You must have already prepared your data, as described in Preparing Data.
You can use the following results of estimated model orders to specify the orders of the model:
For the first input/output combination, use:
Two poles, corresponding to na=2 in the ARX model.
Delay of 5, corresponding to nk=5 samples (or 2.5 minutes) in the ARX model.
For the second input/output combination, use:
One pole, corresponding to na=1 in the ARX model.
Delay of 10, corresponding to nk=10 samples (or 5 minutes) in the ARX model.
Note Because there is no relationship between the number of zeros estimated by the discrete-time ARX model and its continuous-time counterpart, you do not have an estimate for the number of zeros. In this tutorial, you can specify one zero for the first input/output combination, and no zero for the second-output combination. |
Use the idproc command to create two model structures, one for each input/output combination:
midproc0 = idproc({'P2ZUD','P1D'});The argument of idproc is a cell array that contains two strings, where each string specifies the model structure for each input/output combination:
'P2ZUD' represents a transfer function with two poles (P2), one zero (Z), underdamped (complex-conjugate) poles (U) and a delay (D).
'P1D' represents a transfer function with one pole (P1) and a delay (D).
To view the two resulting models, type the following command in the MATLAB Command Window:
midproc0
MATLAB displays the following model structure:
Process model with 2 inputs: y = G_1(s)u_1 + G_2(s)u_2
where
1+Tz*s
G_1(s) = Kp * ---------------------- * exp(-Td*s)
1+2*Zeta*Tw*s+(Tw*s)^2
with Kp = NaN
Tw = NaN
Zeta = NaN
Td = NaN
Tz = NaN
Kp
G_2(s) = ---------- * exp(-Td*s)
1+Tp1*s
with Kp = NaN
Tp1 = NaN
Td = NaN
This model was not estimated from data.The parameter values are set to NaN because they are not yet estimated.
Set the time delay property of the model object to 2.5 min and 5 min for each input/output pair as initial guesses. Also, set an upper limit on the delay because good initial guesses are available.
midproc0.Td.value = [2.5 5]; midproc0.Td.max = [3 7];
Note When setting the Td model property, you must specify the delays in terms of actual time units (minutes, in this case) and not the number of samples. |
pem is an iterative estimation command, which means that it uses an iterative nonlinear least-squares algorithm to minimize a cost function. The cost function is the weighted sum of the squares of the errors.

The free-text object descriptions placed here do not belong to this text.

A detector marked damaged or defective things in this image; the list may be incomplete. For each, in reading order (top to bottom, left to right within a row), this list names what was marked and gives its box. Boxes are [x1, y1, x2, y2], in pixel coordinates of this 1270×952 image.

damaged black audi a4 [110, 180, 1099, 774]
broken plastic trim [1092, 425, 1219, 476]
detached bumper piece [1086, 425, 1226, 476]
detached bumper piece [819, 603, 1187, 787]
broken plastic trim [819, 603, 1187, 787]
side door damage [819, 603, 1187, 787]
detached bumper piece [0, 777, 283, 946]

Depending on its arguments, pem estimates different black-box polynomial models. You can use pem, for example, to estimate parameters for linear continuous-time transfer-function, state-space, or polynomial model structures. To use pem, you must provide a model structure with unknown parameters and the estimation data as input arguments.
For this portion of the tutorial, you must have already defined the model structure, as described in Specifying the Structure of the Process Model. Use midproc0 as the model structure and Ze1 as the estimation data:
midproc = pem(Ze1,midproc0); present(midproc)

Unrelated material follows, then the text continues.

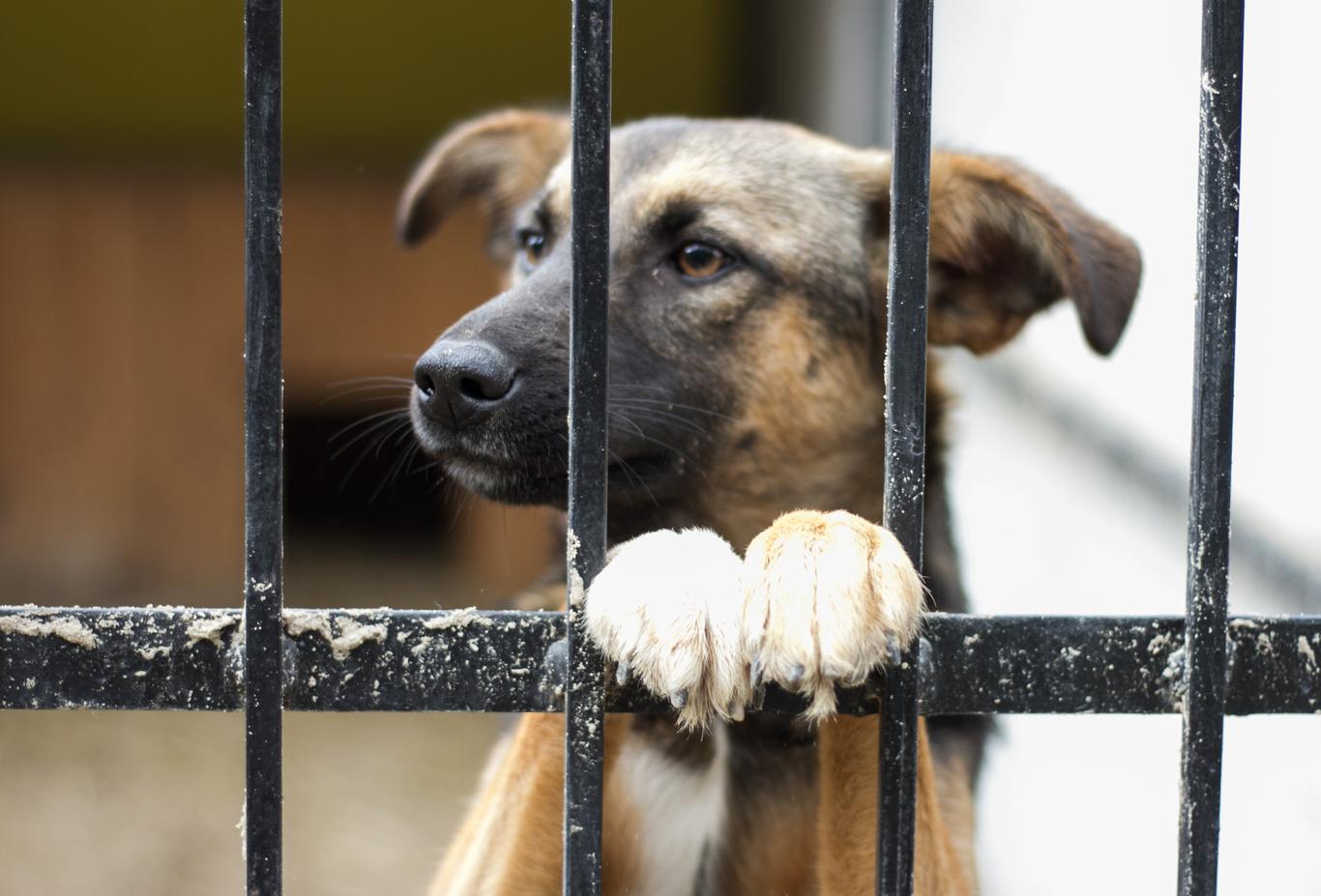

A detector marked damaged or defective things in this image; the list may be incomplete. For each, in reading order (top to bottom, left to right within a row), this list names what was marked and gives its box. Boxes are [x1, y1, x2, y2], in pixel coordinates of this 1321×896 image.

rusted metal surface [5, 611, 1315, 715]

MATLAB displays the following model structure with estimated parameter values:
Process model with 2 inputs: y = G_1(s)u_1 + G_2(s)u_2
where
1+Tz*s
G_1(s) = Kp * ----------------------- * exp(-Td*s)
1+2*Zeta*Tw*s+(Tw*s)^2
with Kp = 0.11276+-7.3308
Tw = 108.08+-196.4
Zeta = 1.8735+-3.5244
Td = 0+-1.5255
Tz = 9031.6+-5.5446e+005
Kp
G_2(s) = ---------- * exp(-Td*s)
1+Tp1*s
with Kp = 10.068+-0.062327
Tp1 = 2.1189+-0.072149
Td = 4.8392+-0.046529
Estimated using PEM using SearchMethod = Auto from
data set Ze1
Loss function 8.89822 and FPE 9.04059Unlike discrete-time polynomial models, continuous-time models let you estimate the delays. In this case, the estimated delay values 0 and 4.8392 are different from the initial guesses you specified of 2.5 and 5, respectively. The large uncertainties in the estimated values of the parameters of G_1(s) indicate that the dynamics from input 1 to the output are not captured well.

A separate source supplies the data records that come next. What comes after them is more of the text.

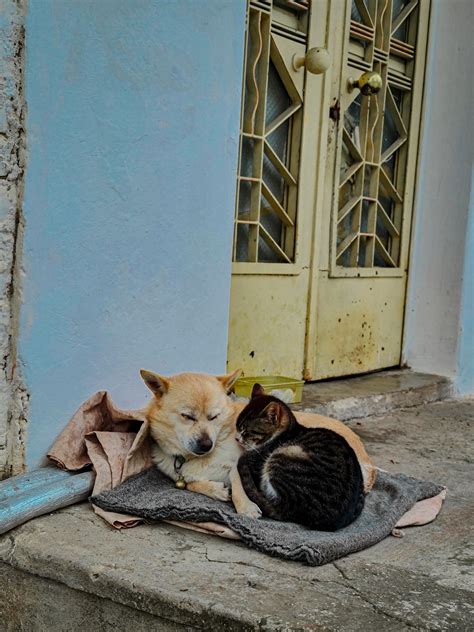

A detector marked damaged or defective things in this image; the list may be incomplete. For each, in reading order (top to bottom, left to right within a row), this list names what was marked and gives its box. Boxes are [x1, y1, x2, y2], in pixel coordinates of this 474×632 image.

peeling paint [0, 0, 27, 474] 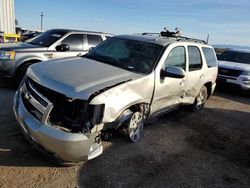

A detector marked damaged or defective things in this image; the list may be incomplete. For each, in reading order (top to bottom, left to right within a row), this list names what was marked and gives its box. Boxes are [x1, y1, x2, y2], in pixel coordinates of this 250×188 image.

damaged front bumper [13, 83, 103, 163]
crumpled hood [27, 56, 143, 99]
damaged chevrolet tahoe [13, 30, 217, 163] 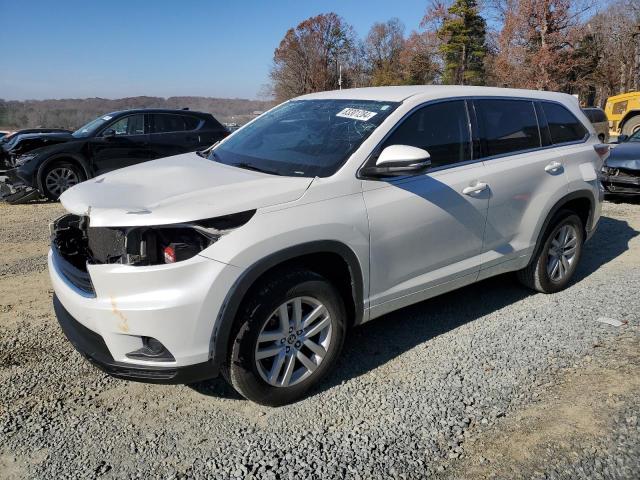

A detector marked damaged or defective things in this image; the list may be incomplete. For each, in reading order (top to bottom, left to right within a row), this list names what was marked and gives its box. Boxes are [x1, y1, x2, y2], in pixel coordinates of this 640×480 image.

damaged front bumper [0, 168, 40, 203]
damaged black car [0, 108, 230, 202]
crumpled hood [58, 154, 314, 229]
damaged black car [600, 130, 640, 196]
crumpled hood [604, 142, 640, 171]
broken headlight [85, 210, 255, 266] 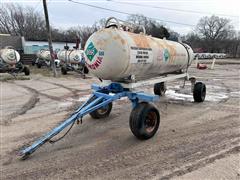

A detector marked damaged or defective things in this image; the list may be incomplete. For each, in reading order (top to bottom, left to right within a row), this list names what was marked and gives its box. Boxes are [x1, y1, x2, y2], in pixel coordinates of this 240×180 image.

rusty tank [83, 16, 194, 81] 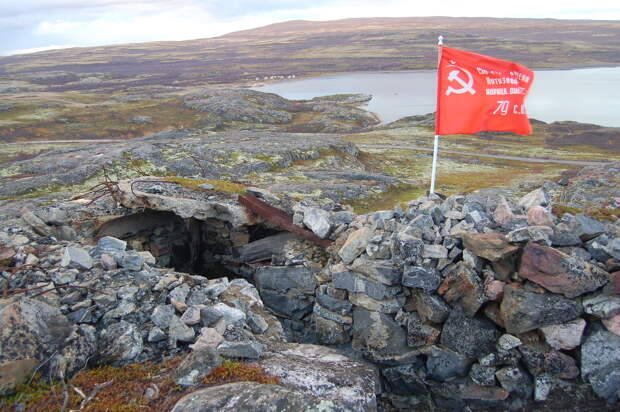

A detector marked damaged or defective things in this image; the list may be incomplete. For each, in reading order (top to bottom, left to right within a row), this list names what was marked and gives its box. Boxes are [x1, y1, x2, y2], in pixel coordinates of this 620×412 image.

rusted metal debris [239, 194, 334, 248] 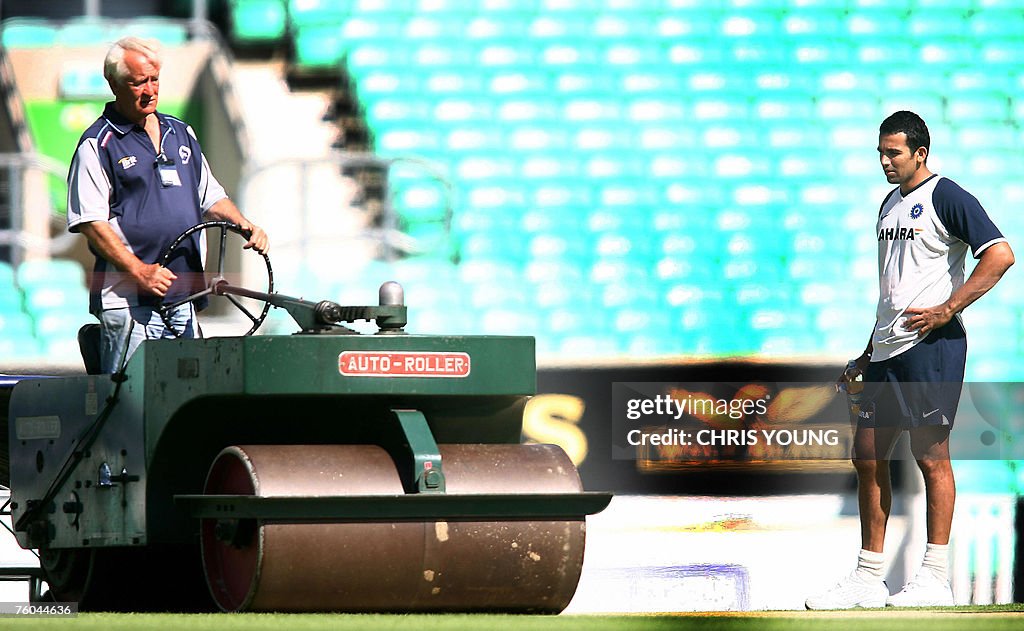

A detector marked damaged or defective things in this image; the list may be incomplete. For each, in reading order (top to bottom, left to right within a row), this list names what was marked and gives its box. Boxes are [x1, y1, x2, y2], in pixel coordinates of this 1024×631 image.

To learn more about estimating models, see the corresponding topic in the System Identification Toolbox documentation.
In this portion of the tutorial, you create a plot that compares the actual output and the model output using the compare command:
compare(Zv1,midproc)
The preceding plot shows that the model output reasonably agrees with the measured output: there is an agreement of 65.6% between the model and the validation data.
Use resid to perform residual analysis:
resid(Zv1,midproc)
Because the sample system has two inputs, there are two cross-correlation plots of the residuals with each input, as shown in the following figure.
Autocorrelation and Cross-Correlations of Residuals with the First Input
The cross-correlation between the first input and residual errors is significant.
After MATLAB displays the first plot, press Enter to view the cross-correlation with the second input, as shown in the following figure.
Cross-Correlations of Residuals with the Second Input
In the preceding figure, the autocorrelation plot shows values outside the confidence region and indicates that the residuals are correlated. However, the cross-correlation with each of the two inputs shows no significant correlation.
You can try to improve the estimation results by estimating the model again with more iterations and trying different search methods. For example, you can use the model midproc as an initial guess for the next iterations:
midproc1 = pem(Ze1,midproc,'SearchMethod','lm') compare(Zv1,midproc,midproc1) resid(Zv1, midproc1)
The resulting plots show an improved fit of the simulated model output to the validation data and a reduced correlation in the residuals. The SearchMethod='lm' setting uses the Levenberg-Marquardt method for iterative parameter estimation.
For more information about the SearchMethod field of the Algorithm model property of linear models, see the corresponding reference page.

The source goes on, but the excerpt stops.